To El-Erian, another policy mistake would be for the Fed to push ahead with an aggressive policy stance, chasing its 2% inflation target too quickly. That would also create a “second set of patients,” including non-banks such as businesses tied to the commercial real-estate industry.

He also recently said the discord between the Fed’s policy signals and financial-market expectations is unusual, and could end up sparking a bout of market volatility or eroding the central bank’s credibility.

David Rosenberg, president of Rosenberg Research 

“Market-based odds of a June rate hike now up to 40% – was 30% yesterday and 10% a week ago.
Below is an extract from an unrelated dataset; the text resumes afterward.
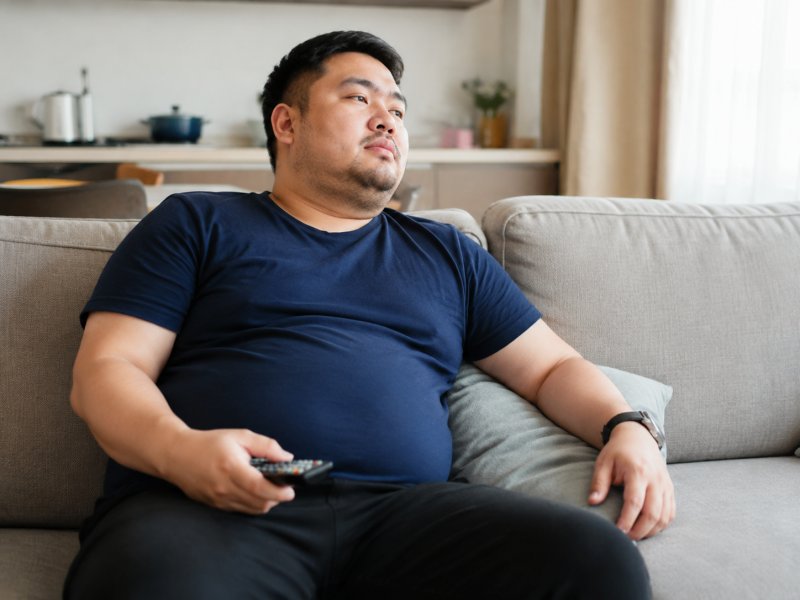 体重偏大的男性坐软沙发会不会更容易伤精子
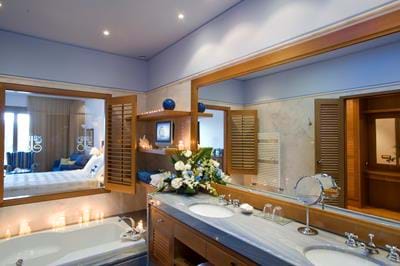 Luxury Suites Sea View with Shared Pool - Bathroom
It’s obvious now that the Fed intends on keeping at it until the economy shows signs of a real breakdown,” the economist tweeted on Thursday.

Greg Becker, former CEO of Silicon Valley Bank 

SVB had loaded up on long-term bonds during 2020-2021, based on the Fed’s messaging from the period that any spike in inflation would be “transitory” and interest rates would remain low, Becker said in a prepared testimony released ahead of a US Senate Banking Committee hearing Tuesday.

However, Jim Chanos scoffed at SVB’s former chief’s suggestion that a sharp policy change by the Fed was largely responsible for the lender’s shocking collapse in March.

“Of course it’s the Fed’s fault that SVB lent long and borrowed short at all-time lows in rates, violating the Rules of Banking 101,” the famed short-seller and Chanos & Co. boss tweeted on Monday, in a response to Becker’s remarks.